### Problem to work on
What you produce should match the records exactly, line for line.

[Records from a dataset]
——————

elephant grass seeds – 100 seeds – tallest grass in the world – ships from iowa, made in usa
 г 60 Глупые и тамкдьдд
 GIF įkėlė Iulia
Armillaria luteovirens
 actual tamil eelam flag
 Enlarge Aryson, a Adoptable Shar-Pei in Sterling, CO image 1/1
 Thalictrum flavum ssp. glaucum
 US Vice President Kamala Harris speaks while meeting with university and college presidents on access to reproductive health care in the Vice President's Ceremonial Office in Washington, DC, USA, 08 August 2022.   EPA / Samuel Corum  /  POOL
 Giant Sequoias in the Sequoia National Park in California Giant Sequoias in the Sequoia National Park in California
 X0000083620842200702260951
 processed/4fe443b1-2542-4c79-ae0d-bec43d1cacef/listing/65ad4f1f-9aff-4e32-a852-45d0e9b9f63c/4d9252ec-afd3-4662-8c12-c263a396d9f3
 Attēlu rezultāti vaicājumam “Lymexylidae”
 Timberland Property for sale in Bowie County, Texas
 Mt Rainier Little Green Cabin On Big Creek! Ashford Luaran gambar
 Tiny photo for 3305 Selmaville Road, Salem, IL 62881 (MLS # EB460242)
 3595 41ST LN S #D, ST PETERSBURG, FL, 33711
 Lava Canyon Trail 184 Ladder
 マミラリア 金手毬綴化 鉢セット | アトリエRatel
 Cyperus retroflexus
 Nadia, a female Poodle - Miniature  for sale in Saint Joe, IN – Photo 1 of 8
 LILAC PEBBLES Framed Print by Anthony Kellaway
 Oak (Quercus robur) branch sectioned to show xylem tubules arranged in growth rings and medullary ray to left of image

——————

### Exercise answer
elephant grass seeds – 100 seeds – tallest grass in the world – ships from iowa, made in usa
 г 60 Глупые и тамкдьдд
 GIF įkėlė Iulia
Armillaria luteovirens
 actual tamil eelam flag
 Enlarge Aryson, a Adoptable Shar-Pei in Sterling, CO image 1/1
 Thalictrum flavum ssp. glaucum
 US Vice President Kamala Harris speaks while meeting with university and college presidents on access to reproductive health care in the Vice President's Ceremonial Office in Washington, DC, USA, 08 August 2022.   EPA / Samuel Corum  /  POOL
 Giant Sequoias in the Sequoia National Park in California Giant Sequoias in the Sequoia National Park in California
 X0000083620842200702260951
 processed/4fe443b1-2542-4c79-ae0d-bec43d1cacef/listing/65ad4f1f-9aff-4e32-a852-45d0e9b9f63c/4d9252ec-afd3-4662-8c12-c263a396d9f3
 Attēlu rezultāti vaicājumam “Lymexylidae”
 Timberland Property for sale in Bowie County, Texas
 Mt Rainier Little Green Cabin On Big Creek! Ashford Luaran gambar
 Tiny photo for 3305 Selmaville Road, Salem, IL 62881 (MLS # EB460242)
 3595 41ST LN S #D, ST PETERSBURG, FL, 33711
 Lava Canyon Trail 184 Ladder
 マミラリア 金手毬綴化 鉢セット | アトリエRatel
 Cyperus retroflexus
 Nadia, a female Poodle - Miniature  for sale in Saint Joe, IN – Photo 1 of 8
 LILAC PEBBLES Framed Print by Anthony Kellaway
 Oak (Quercus robur) branch sectioned to show xylem tubules arranged in growth rings and medullary ray to left of image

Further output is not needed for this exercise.